## Task instructions
Search the records below for the word "sitting" and show every line where it occurs.

## Entries supplied

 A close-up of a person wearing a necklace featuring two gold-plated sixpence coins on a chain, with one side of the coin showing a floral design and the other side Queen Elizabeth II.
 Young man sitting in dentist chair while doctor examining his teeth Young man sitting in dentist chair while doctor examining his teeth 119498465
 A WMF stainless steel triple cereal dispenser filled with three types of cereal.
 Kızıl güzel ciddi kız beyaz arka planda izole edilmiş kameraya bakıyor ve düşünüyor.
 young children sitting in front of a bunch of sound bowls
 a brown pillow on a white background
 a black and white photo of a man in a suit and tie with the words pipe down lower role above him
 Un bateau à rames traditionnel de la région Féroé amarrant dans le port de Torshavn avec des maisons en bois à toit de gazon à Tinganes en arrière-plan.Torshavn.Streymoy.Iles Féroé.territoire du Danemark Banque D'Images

## Reply to the task
 Young man sitting in dentist chair while doctor examining his teeth Young man sitting in dentist chair while doctor examining his teeth 119498465
 young children sitting in front of a bunch of sound bowls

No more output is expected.